Mills says he will not resign as House ethics probe grows
Cory Mills rejected calls to quit as House ethics scrutiny deepened, while Republican leaders and House colleagues held off action and waited for the panel’s findings.

Cory Mills said he will stay in Congress even as the House Ethics Committee investigates allegations of sexual misconduct and or dating violence, campaign finance violations and other reported misconduct. In an interview with CNN on Tuesday, April 21, 2026, the Florida Republican said there was "absolutely no reason to resign" and said House Speaker Mike Johnson had told him not to step down.

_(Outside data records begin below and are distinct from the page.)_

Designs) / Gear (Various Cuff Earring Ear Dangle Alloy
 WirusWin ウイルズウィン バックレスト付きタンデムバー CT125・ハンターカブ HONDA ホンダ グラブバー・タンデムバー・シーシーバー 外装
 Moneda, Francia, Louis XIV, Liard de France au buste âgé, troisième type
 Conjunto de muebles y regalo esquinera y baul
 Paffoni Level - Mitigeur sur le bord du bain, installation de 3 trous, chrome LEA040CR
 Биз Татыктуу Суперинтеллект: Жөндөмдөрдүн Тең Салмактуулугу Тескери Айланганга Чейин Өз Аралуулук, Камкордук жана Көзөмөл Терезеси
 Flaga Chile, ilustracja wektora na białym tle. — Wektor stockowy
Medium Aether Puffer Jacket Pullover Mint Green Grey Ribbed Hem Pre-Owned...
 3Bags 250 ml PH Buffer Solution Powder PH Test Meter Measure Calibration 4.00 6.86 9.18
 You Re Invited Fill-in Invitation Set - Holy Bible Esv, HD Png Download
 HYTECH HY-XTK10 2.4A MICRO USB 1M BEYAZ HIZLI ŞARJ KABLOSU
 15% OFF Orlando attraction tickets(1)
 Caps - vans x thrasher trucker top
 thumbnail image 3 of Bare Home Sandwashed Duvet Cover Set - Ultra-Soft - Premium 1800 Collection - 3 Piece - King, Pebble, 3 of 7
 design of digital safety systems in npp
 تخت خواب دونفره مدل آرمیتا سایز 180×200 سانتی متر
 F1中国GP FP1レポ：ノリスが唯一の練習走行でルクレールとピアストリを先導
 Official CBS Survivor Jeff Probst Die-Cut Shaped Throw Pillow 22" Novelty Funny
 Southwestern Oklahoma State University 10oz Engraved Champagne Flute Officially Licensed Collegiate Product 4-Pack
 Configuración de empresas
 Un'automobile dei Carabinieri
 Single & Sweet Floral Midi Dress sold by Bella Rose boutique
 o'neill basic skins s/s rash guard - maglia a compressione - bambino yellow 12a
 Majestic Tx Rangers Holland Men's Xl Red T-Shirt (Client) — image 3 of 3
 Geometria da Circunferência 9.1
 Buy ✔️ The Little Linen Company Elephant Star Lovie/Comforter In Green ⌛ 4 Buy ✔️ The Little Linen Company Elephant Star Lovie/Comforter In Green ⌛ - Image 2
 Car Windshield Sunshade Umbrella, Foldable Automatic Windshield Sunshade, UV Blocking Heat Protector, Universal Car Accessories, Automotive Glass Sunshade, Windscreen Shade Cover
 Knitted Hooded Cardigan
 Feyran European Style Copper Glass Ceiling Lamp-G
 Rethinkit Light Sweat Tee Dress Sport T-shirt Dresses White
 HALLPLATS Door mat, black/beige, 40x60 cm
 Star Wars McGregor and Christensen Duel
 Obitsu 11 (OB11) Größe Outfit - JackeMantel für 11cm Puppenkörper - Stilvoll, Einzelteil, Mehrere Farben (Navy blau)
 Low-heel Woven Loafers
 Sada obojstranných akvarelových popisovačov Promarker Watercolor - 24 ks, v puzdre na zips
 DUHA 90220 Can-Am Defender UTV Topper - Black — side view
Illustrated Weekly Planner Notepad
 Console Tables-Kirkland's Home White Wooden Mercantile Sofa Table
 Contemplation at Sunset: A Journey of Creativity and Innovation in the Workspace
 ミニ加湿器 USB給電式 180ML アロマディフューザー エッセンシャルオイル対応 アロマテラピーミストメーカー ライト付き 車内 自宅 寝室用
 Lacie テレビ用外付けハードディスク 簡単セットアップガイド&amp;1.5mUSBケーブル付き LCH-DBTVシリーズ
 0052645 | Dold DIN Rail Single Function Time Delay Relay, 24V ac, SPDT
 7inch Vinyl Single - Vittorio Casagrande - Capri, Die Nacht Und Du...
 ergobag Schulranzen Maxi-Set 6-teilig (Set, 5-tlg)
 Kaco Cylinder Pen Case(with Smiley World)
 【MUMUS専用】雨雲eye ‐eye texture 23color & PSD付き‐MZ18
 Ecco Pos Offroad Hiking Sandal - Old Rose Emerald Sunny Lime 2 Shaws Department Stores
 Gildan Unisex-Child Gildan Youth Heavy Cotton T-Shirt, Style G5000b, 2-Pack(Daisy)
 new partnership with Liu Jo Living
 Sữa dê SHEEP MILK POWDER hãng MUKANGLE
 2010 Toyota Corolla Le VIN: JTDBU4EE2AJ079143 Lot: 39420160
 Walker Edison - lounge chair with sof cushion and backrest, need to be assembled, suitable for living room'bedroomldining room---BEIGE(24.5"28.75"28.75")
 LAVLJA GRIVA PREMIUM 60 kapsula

The refusal puts Mills in the center of a widening Capitol Hill accountability fight, one that now includes a formal push to remove him from the House. On April 20, Rep. Nancy Mace introduced a resolution to expel Mills, saying he was unfit to serve. Mace had already called on Mills, along with Reps. Sheila Cherfilus-McCormick, Tony Gonzales and Eric Swalwell, to resign or face expulsion in an April 13 press release.
Johnson has signaled that he does not want House Republicans policing one another through expulsions and prefers to let the Ethics Committee process run its course. Mills echoed that logic, saying Johnson told him not to resign and that "this is why we have this process." For now, that posture has given Mills breathing room even as the investigation advances.

Several lawmakers in both parties have said they want to wait for the committee’s findings before taking action against him. Politico reported April 15 that Mills appeared likely to be spared for now, in part because Republicans and Democrats were leaning on the pending ethics review and because he was not facing a federal indictment or sexual-misconduct charges. Mills has denied wrongdoing and argued that he is being unfairly grouped with other lawmakers under scrutiny.
The broader ethics upheaval has already forced movement elsewhere on the Hill. Gonzales and Swalwell resigned on April 13, and Cherfilus-McCormick remained under pressure after officials said a House Ethics Subcommittee found she violated ethics rules in connection with alleged misuse of $5 million in FEMA funds. Mills’ case now tests how far Congress is willing to go before its own procedures become a shield for members under fire.